Dire cela ne signifie pas que l'expertise, qui est distincte de l'expertisme, ne soit en certains points nécessaire et légitime. La république a besoin de savants, même si ce n'est pas au chimiste mais au fermier général que l'on coupa le cou dans le cas de Lavoisier. Ce qui est dangereux et critiquable, c'est la substitution de l'expertise au débat au nom d'une vision totalisante de la science économique; c'est la fraude qui consiste à faire passer pour résultats scientifiques ce qui n'est le plus souvent qu'une reformulation de vieux arguments idéologiques et métaphysiques. Ce qui est implicitement en cause c'est le critère séparant le domaine technique du domaine politique, et la manière dont les économistes du courant dominant en usent à leur profit.

Emmanuel Macron n'est pas républicain

On mesure, alors, d'ou provient et quelles sont les sources réelles de ce que les commentateurs affectent de prendre pour des « dérapages » de la part d'Emmanuel Macron. C'est bien en réalité d'une pensée a-politique, ou plus précisément une pensée qui veut se situer dans un espace post-politique dont il s'agit. Cette pensée dérive elle-même de la conversion à l'expertisme, qui nourrit ce que l'on a pris pour de l'arrogance mais qui s'avère en réalité bien plus profond et bien plus grave qu'un simple comportement. Le Président de la République n'est probablement pas tout simplement pas républicain.
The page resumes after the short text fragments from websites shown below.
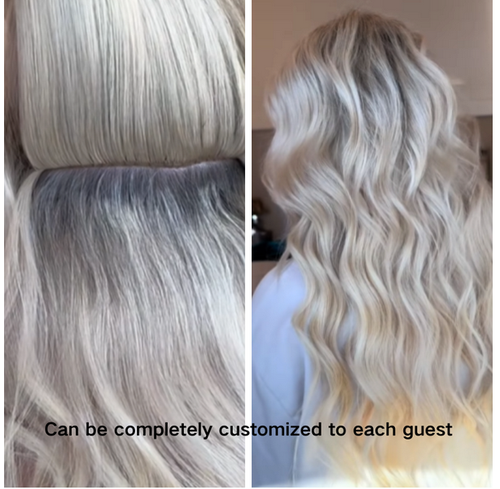 Remeehi Curly Wavy Double Drawn 100% Remy Hair Extension Natural Straight Genius Weft Hair 100g can be cut 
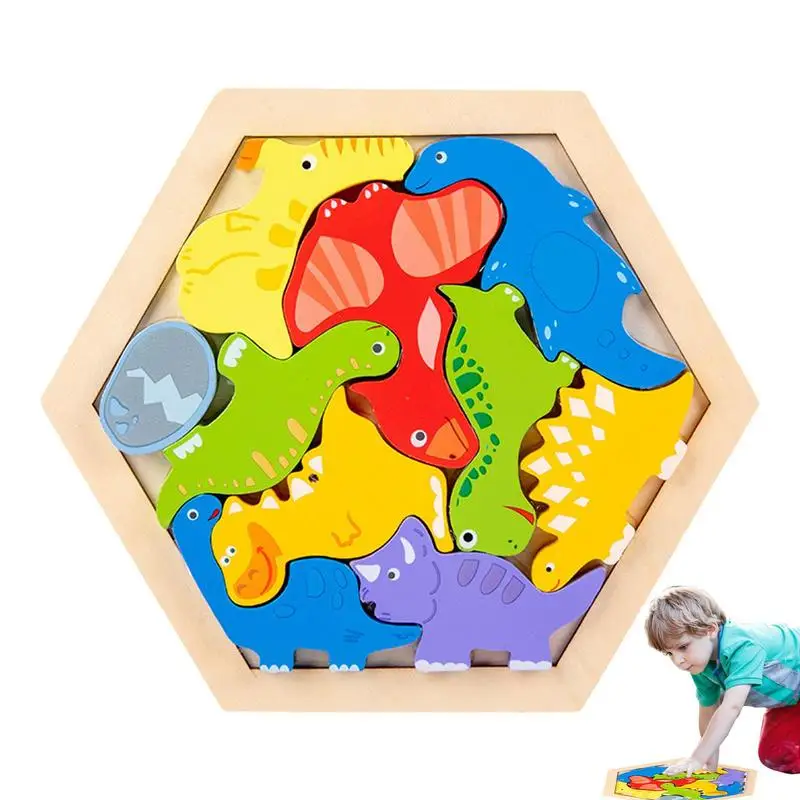 Stacking Puzzle Game Farm Ocean  Wooden Puzzles For Toddlers Birthday Gifts Learning Sorting & Stacking Toys Educational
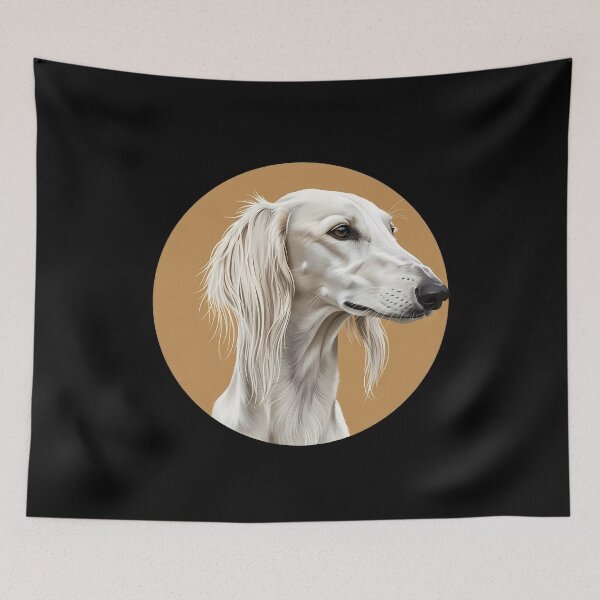 Item preview, Saluki Sighthound Majestic White Canine designed and sold by k3rstman1.
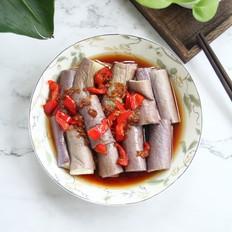 蘸汁蒸茄子，茄子的家常食用方法的作法-咸鮮味蒸菜譜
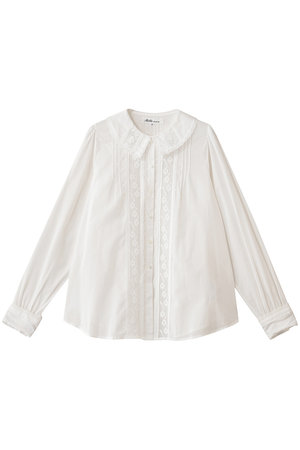 8/23まで。売切！新品タグ付き elu. エル オーロラブラウス 白 M Aurora blouse summer -white- | elu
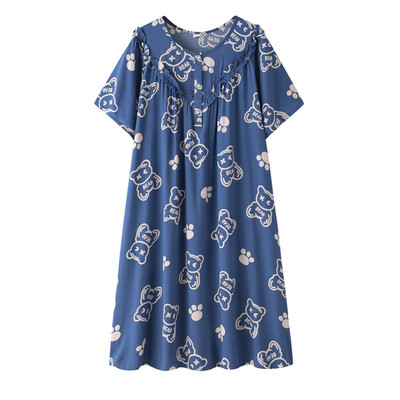 超薄凉快棉绸孕妇花边睡裙夏季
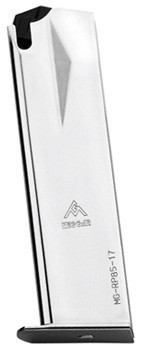 MEC-GAR MAGAZINE RUGER P85/89/ 93/94/95/PC9 9MM 17RD NICKEL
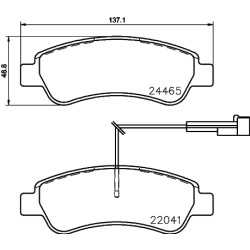 PLAQUETTES DE FREIN POUR FIAT DUCATO 06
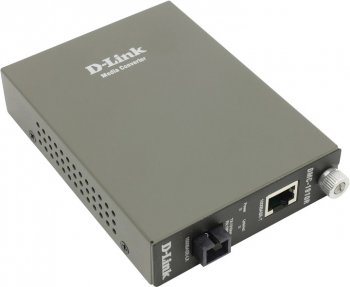 Медиаконвертер D-Link <DMC-1910R> 1000Base-T to SM 1000Base-LX Media Converter (1UTP, 1SC)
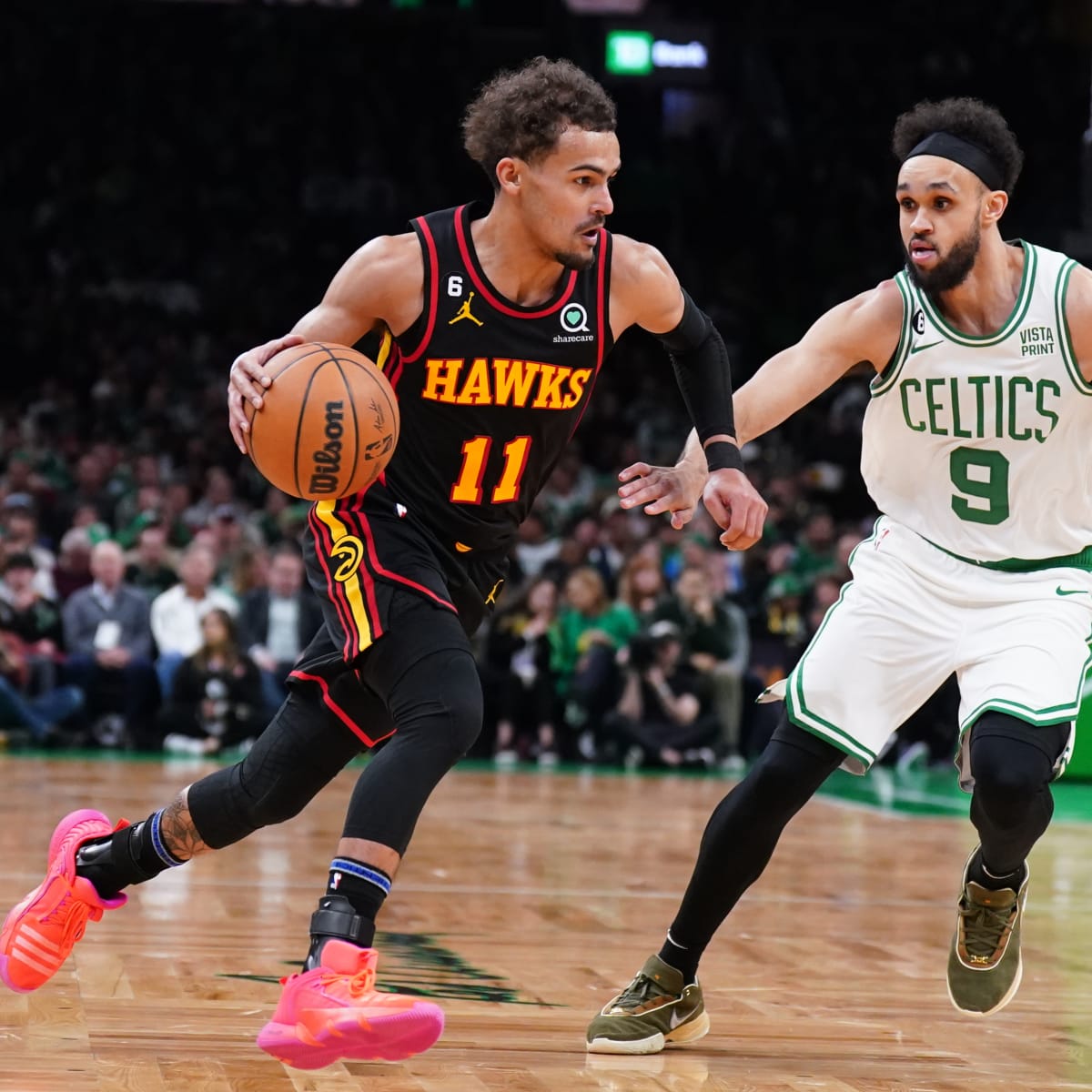 Trae Young Debuts Adidas Trae Unlimited in NBA Playoffs - Sports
Les opinions exprimées dans ce contenu n'engagent que la responsabilité de l'auteur.


1. Voir Sapir J., Souveraineté, Démocratie, Laïcité, Paris, Editions Michalon, 2016

2. Polony N., Changer la vie, Paris, Editions de l'Observatoire, octobre 2017.

3. Sapir J., Souveraineté, Démocratie, Laïcité, op.cit., p. 42.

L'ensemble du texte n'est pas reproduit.